The invention relates to a method for regulating the power supplied to a steam turbine by a pressurized water nuclear reactor driving an electrical generator supplying a network.
In pressurized water nuclear power stations used for the generation of electric current, steam is produced by heat exchange between the primary fluid constituted by water under pressure and the secondary fluid constituted by water which is converted into steam inside the steam generators.
The steam is used as a driving fluid for the turbine which actuates the electric current generator.
The electric power demanded by the network can be variable in the course of time, so that the power that the nuclear reactor must supply to the turbine may itself be essentially variable in the course of time. On the other hand, it is sometimes necessary to disconnect the current generator from the network for a longer or shorter time for a reason independent of the operation of the nuclear power station itself. In this case, the power demanded by the turbine is extremely low since it then suffices to supply the electrical power necessary for feeding the auxiliary circuits of the power station, the discharging network being disconnected. Generally, this residual power only represents about 5% of the rated power of the power station.
It is known that the operation of nuclear reactors to follow a given power program uses neutron-absorbant rods which are moved in the core of the reactor according to the power demand program.
However, in the case of considerable and rapid power variations to respond to the demand of the network, or in the case of electrical disconnection between the power station and the network, this operation being called load-rejection, it is necessary to have an additional regulating means for the power supplied by the steam turbine nuclear reactor.
The pressurized water nuclear power stations therefore include a steam by-pass system which permits an artificial load to be created capable of absorbing the excess power from the nuclear reactor. This artificial load is obtained by releasing steam tapped upstream of the turbine either to the atmosphere, or to the condenser.
Steam by-pass systems permit negative variations in the load of the turbine, of amplitude greater than 10% of the rated load, or a variation in the time of this load on the turbine, with a negative slope greater than 5% of the rated load per minute.
When the power program requires variations in load of smaller amplitude, compensation is effected only by movement of the control rods.
The by-pass systems also enable excess power to be absorbed on sudden reduction of power from the rated power to the power necessary for supplying the auxiliary circuits, namely, approximately 5% of the rated power, on load-rejection producing switching off of the turbo-generator unit without emergency shutdown of the nuclear reactor.
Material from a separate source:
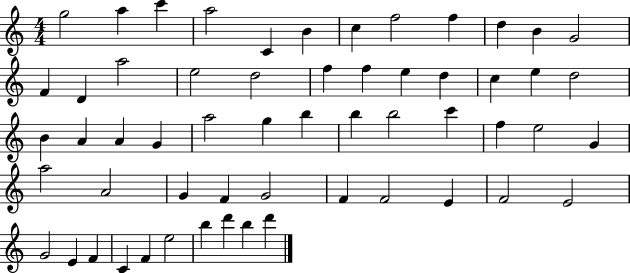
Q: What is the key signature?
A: C major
In the case of an emergency shutdown of the reactor, the by-pass system also serve for removing the heat and energy stored in the primary circuit and for bringing back the power station to zero load conditions, without it being necessary to open the safety valves of the steam generators.
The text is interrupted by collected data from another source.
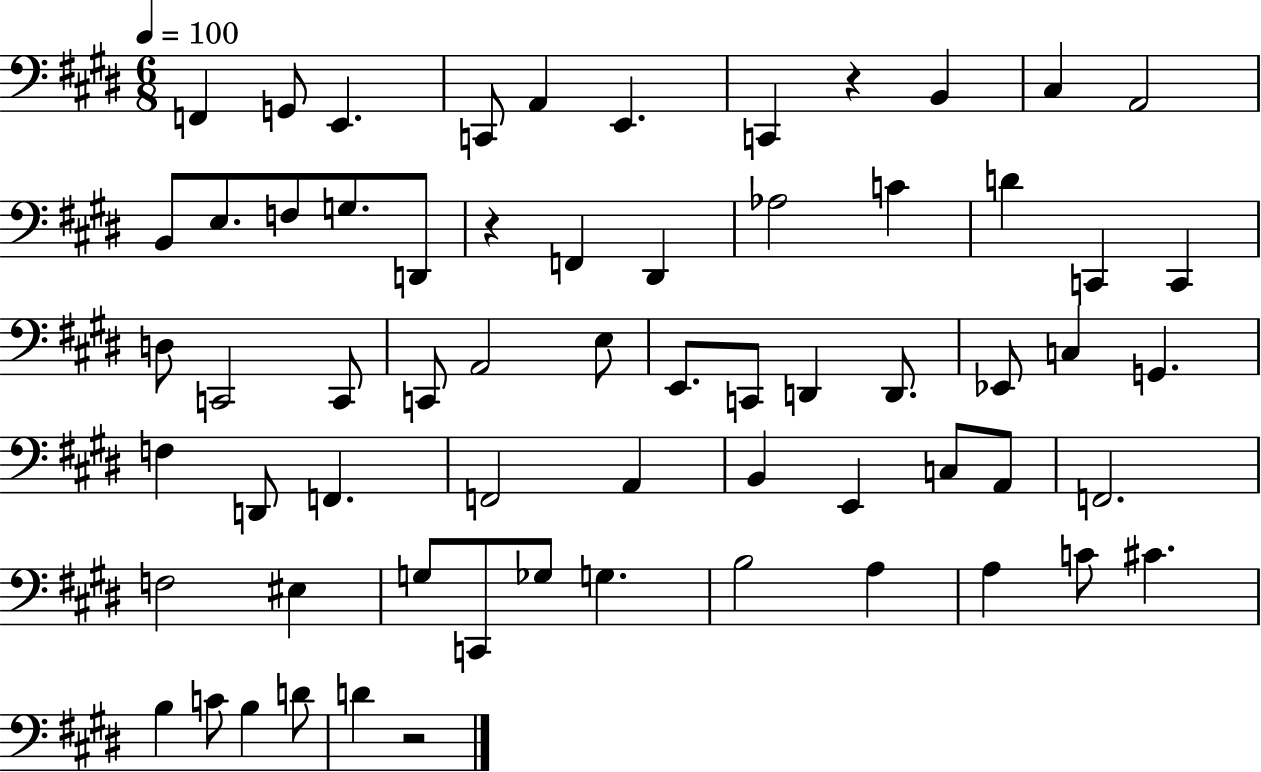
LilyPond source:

{
  \clef bass
  \numericTimeSignature
  \time 6/8
  \key e \major
  \tempo 4 = 100
  f,4 g,8 e,4. | c,8 a,4 e,4. | c,4 r4 b,4 | cis4 a,2 | \break b,8 e8. f8 g8. d,8 | r4 f,4 dis,4 | aes2 c'4 | d'4 c,4 c,4 | \break d8 c,2 c,8 | c,8 a,2 e8 | e,8. c,8 d,4 d,8. | ees,8 c4 g,4. | \break f4 d,8 f,4. | f,2 a,4 | b,4 e,4 c8 a,8 | f,2. | \break f2 eis4 | g8 c,8 ges8 g4. | b2 a4 | a4 c'8 cis'4. | \break b4 c'8 b4 d'8 | d'4 r2 | \bar "|."
}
The by-pass systems are constituted by valve units positioned in the secondary circuit of the reactor upstream of the steam inlet to the turbine. These valves are actuated electrically by means of an opening signal formed from measuring signals representing the values of certain parameters representing the load condition of the turbine or of the reactor.
The parameters used may be homogeneous with temperatures or with pressures and, as the case may be, one speaks of temperature-mode or pressure-mode regulation.
A conventional temperature-mode regulation method uses a pressure measurement on the first wheel of the turbine and forms from the signal representing this measurement a signal representing a parameter homogeneous with a temperature called reference temperature. This reference temperature is used for the regulation of the displacements of the control rods and also serves as a reference temperature for the by-pass control.
On the other hand, the average temperature in the primary circuit of the reactor is measured, and from the difference between the by-pass reference temperature and the average temperature of the primary circuit compensated by an advance-retard filter, an error signal is determined which is converted by a function generator into an opening signal for the by-pass.
When isolation of the power station is effected, the power of the reactor must be brought back from the rated power to a very low power just sufficient to maintain the supply of the auxiliary circuits.
This power is of the order of 5% of the rated power in the majority of cases.
The reactor is then controlled by means of the control rods to supply this power to the turbine, the by-pass valves being closed since the reference temperature of the by-pass is identical with the reference temperature for the operation of the reactor.
For such a low power demand from the reactor, the automatic power regulation cannot be placed in service and the operator must take control of the reactor manually, as soon as the power is less than a certain threshold.
On the other hand, when the connection with the network is restored, the power of the reactor must increase in the same way as the power supplied to this network during the increase in power.
This method of operation obviously has drawbacks.